Schematic representation of the 7-point infant mammal penetration–aspiration scale. This schematic can be used by the judges as a systematic way to approach scoring the videos

It is important to note that this scale does not quantify all possible events during swallowing; rather it groups them into categories based on extent of airway protection. Instead of grouping swallows as (a) normal, (b) having penetration, or (c) having aspiration, the seven categories described allow for a more precise description of the swallow observed. While this study focused on using videofluoroscopy to assess swallow function, it should be emphasized that videofluoroscopy should be used along with other methods. Videofluoroscopy is essential for visualizing penetration and aspiration; however, ultrasound and electromyography are other important tools that can allow researchers to understand the mechanisms of swallowing dysfunction in animal models [2325]. Endoscopy, a valuable research tool in humans, is not possible in many animal models because of the extensive nasal conchae.

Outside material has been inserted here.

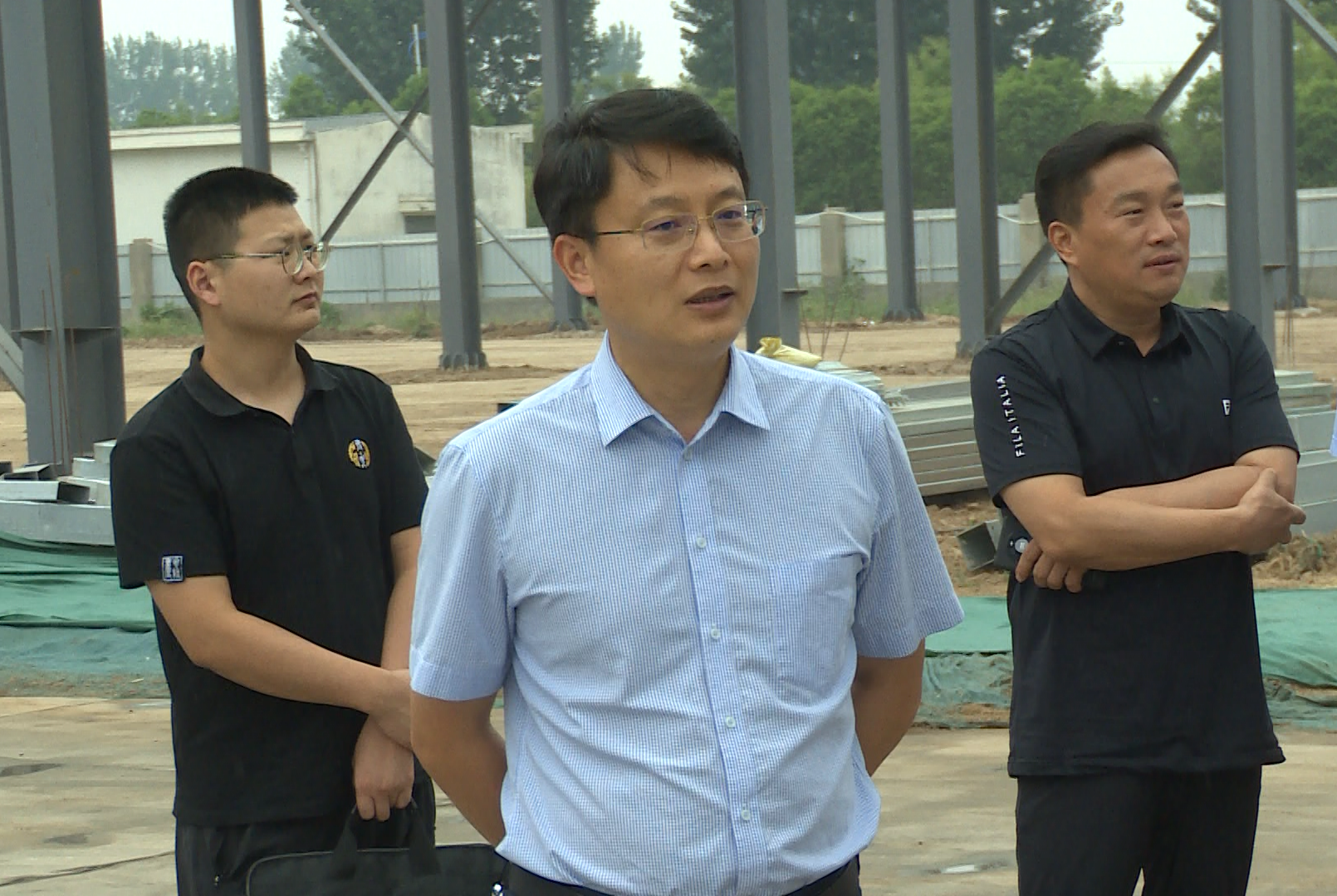 临颍李俊伟调研重点项目和重点企业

There are many opportunities for swallowing research to advance by using the 8-Point PAS for the infant pig model. This scale could be adapted for other infant mammal models such as cats, rabbits, and monkeys, which are already being used to study feeding and swallowing [2628]. Mammals, both infants and adults, share a common pharyngeal anatomy, with an intranasal larynx and a soft palate and epiglottis that contact [16]. Despite differences in chewing and oral transport, it is expected that the same scores described in the IMPAS would also be seen in other mammals since they share a common pharyngeal anatomy. Using this scale, new studies can be designed to further understand swallowing neurophysiology by using a pathological animal model. Along with other advanced technology, we can further understand what causes penetration and aspiration.